Even with everything that is now known about the dangers of welding fume, only 20% of Australian and New Zealand welders answered ‘Yes’ to AWS’s survey when they were asked if they felt protected from welding fume at work.
Only 11% of workplaces had engaged an occupational hygienist to conduct air monitoring and the majority of workplaces did not include welders in the PPE decision making process (53%) and expected the welders to pay for their own respiratory equipment (65%). Disturbingly, says AWS, 32% of welders are not using any form of respiratory protection and 37% are still unaware that welding fume had been reclassified as carcinogenic by the International Agency for Research on Cancer (IARC). Unfortunately, welders believe that ‘cost’ is the largest barrier and the reason why businesses will not introduce better controls to protect their welders. With the results above, according to AWS, it is clear Australia and New Zealand have a long way to go in the promotion of the safety and well-being of welders. Increasing the level of knowledge regarding dangers and protective measures was highlighted as the second largest factor in ensuring welders are better protected in the future.
Where the responsibility lies
The employer has the primary responsibility to ensure that welders are not exposed to health and safety risks while performing their job. If elimination of the risk is not possible, the employer must minimise the risk.
Where substitution and reduction of hazardous chemicals is not possible, engineering and/ or administrative controls as well as personal protective equipment, such as powered air respirators, must be introduced. The dangers of welding fume are very real, but once qualified and quantified, protecting welders can be straightforward. As a result, all welders should feel protected from welding fume at work.
IARC classified welding fume as carcinogenic
In March 2017, scientists from around the world met at the International Agency for Research on Cancer (IARC; Lyon, France) to evaluate the carcinogenicity of welding fume. Based on substantial new evidence through observational and experimental studies, welding fume has now been reclassified from ‘possibly carcinogenic to humans’ as it was originally classified in 1989 to its new Group 1 classification as ‘carcinogenic to humans’. The working group concluded that there is “sufficient evidence in humans” that welding fumes cause lung cancer and limited evidence for kidney cancer.
Air monitoring in the workplace
The employer must ensure that air monitoring is carried out for welding fume if:
• They are not certain on reasonable grounds whether the airborne concentration of the substance or mixture at the workplace exceeds the relevant exposure standard, or
• Monitoring is necessary to determine whether there is a risk to health.
Are welders included in PPE discussion?
When selecting suitable PPE, the employer should consult with the welders. A welder’s knowledge, experience and personal preferences improve the overall decision-making process. As someone who is directly affected by welding hazards, a welder is entitled to take part in the consultation process and selection of suitable PPE. Welders should aim to educate themselves on the risks, understand the appropriate PPE available and look to involve themselves in the consultation process and ultimate selection of suitable PPE.
Protective measures for welders
Regarding PPE, the Cancer Council has advised that welders should wear either ‘air supplied or air purifying respiratory protection’ and use ‘a fullface welding helmet, with a UV filtered lens’. A powered air purifying respirator (PAPR) can provide air over 50 times cleaner than the air inhaled by an unprotected welder. When compared to disposable and reusable half mask respiratory protection, a PAPR can provide superior respiratory protection and does not require fit-testing.
With flip-up PAPR welding helmets, welders can have completely clear and uninhibited views of their workpiece and surroundings, while maintaining their desired level of respiratory protection at all times with no breathing resistance.
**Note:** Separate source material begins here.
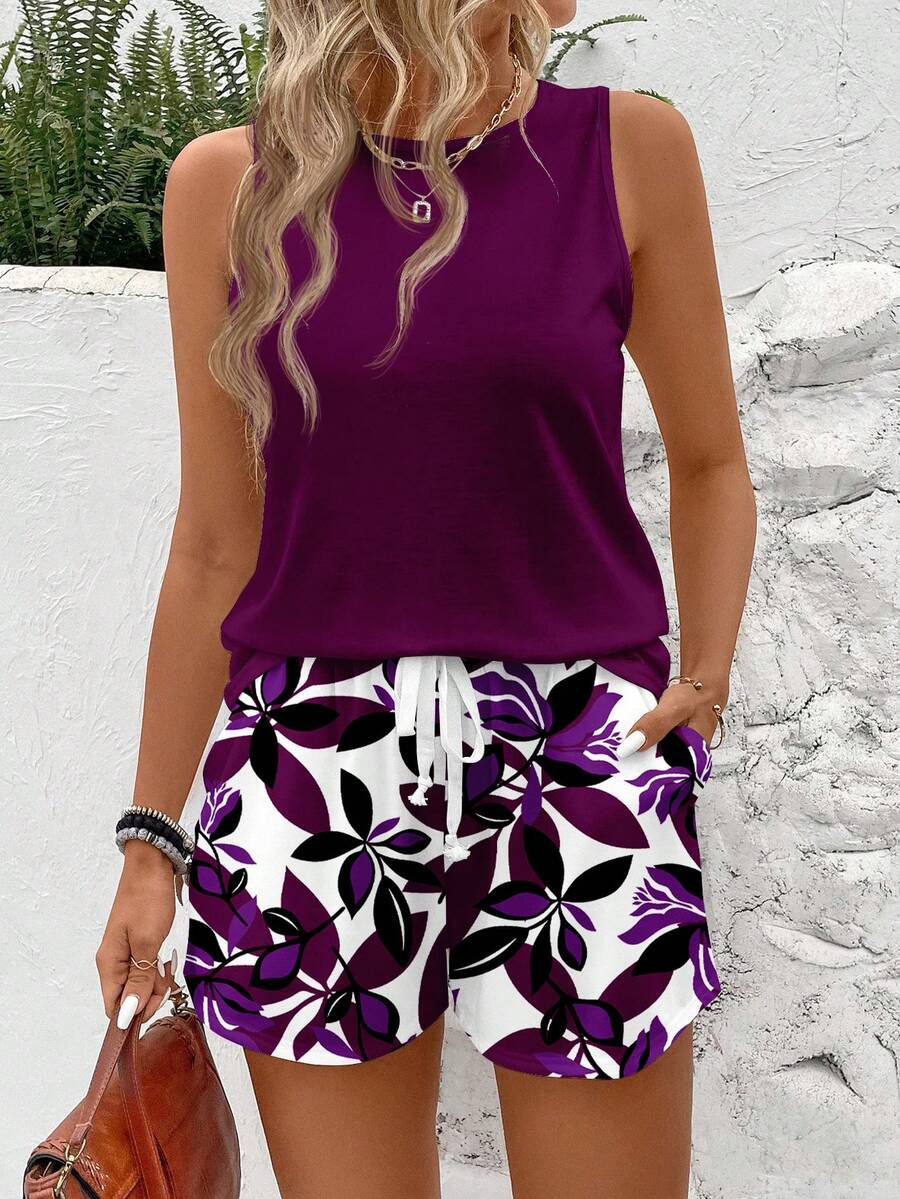 Ženski Casual Boho Majica i Šorts  Set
The powered air respirator goes wherever you go, allowing you to move around your workplace with perfect vision, improved comfort, and uninterrupted respiratory protection. A recent case study from a manufacturing company with over 1,500 employees, including 600 certified welders, found that ‘foreign body eye injuries decreased over 70% year-on-year’ in areas that implemented the PAPRs with integrated flip-up auto-darkening welding helmets. Worker compensation claims decreased markedly while employee morale increased substantially.
Under both the Australian Model WHS regulations and the New Zealand Health and Safety at Work Regulations, the employer is financially responsible for providing PPE to workers and must not charge employees for using the equipment. The only exception to this is if the personal protective equipment has been provided by another person conducting a business or undertaking, like a labour hire company.
What’s needed to protect welders?
Safe Work Australia is currently reviewing the exposure standards for welding fume (not otherwise classified) and is planning to make the draft evaluation reports and recommendations available for comment in the coming months. Following public comment, the recommendations will be considered by Safe Work Australia members. If agreed, these recommendations will then progress to Commonwealth, state and territory ministers responsible for work health and safety as the relevant decision-makers on any changes to the model work health and safety laws or workplace exposure standards.